#### Exercise:
Please copy each line of the listing below precisely, excluding the images.

═════ Data segment ═════

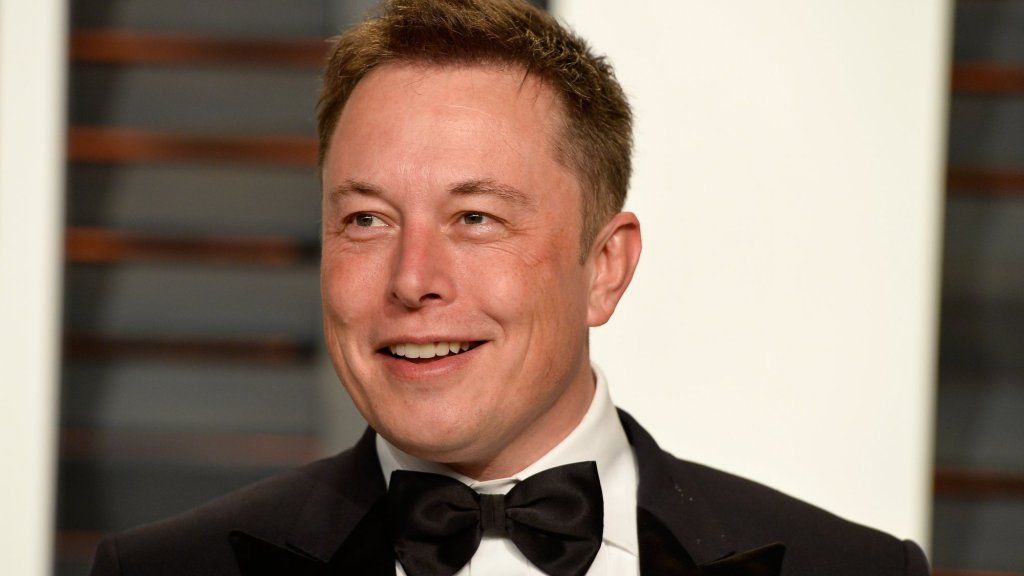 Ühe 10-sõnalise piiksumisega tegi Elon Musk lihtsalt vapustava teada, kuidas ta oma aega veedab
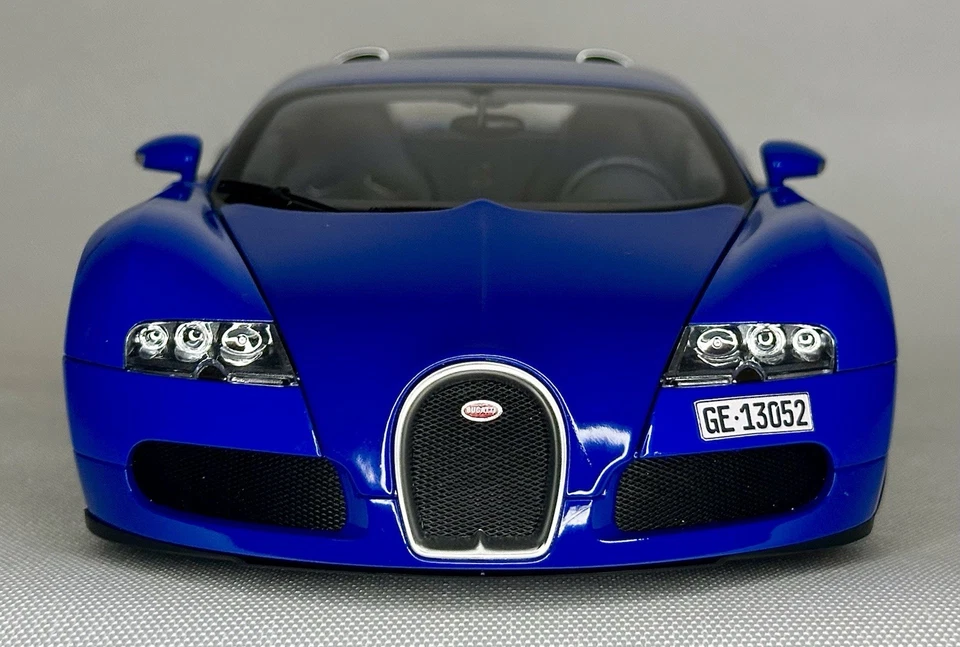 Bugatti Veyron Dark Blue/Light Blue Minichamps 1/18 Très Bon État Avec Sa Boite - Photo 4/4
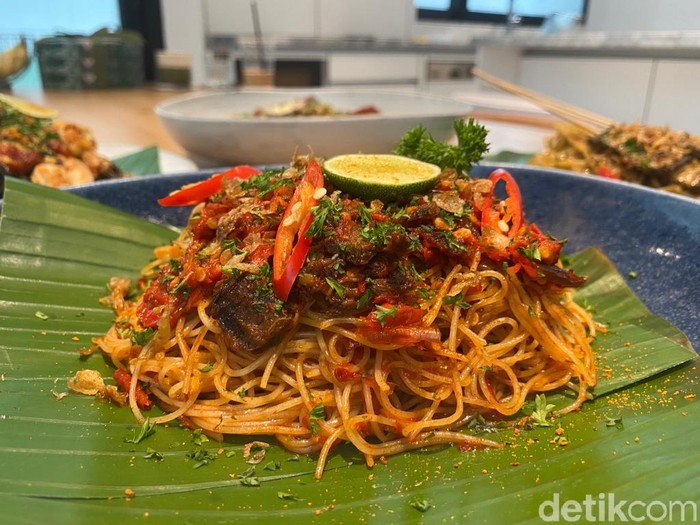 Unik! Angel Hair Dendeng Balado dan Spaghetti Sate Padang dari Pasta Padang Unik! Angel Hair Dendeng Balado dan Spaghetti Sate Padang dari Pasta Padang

═════

#### Answer to the problem:
 Ühe 10-sõnalise piiksumisega tegi Elon Musk lihtsalt vapustava teada, kuidas ta oma aega veedab
 Bugatti Veyron Dark Blue/Light Blue Minichamps 1/18 Très Bon État Avec Sa Boite - Photo 4/4
 Unik! Angel Hair Dendeng Balado dan Spaghetti Sate Padang dari Pasta Padang Unik! Angel Hair Dendeng Balado dan Spaghetti Sate Padang dari Pasta Padang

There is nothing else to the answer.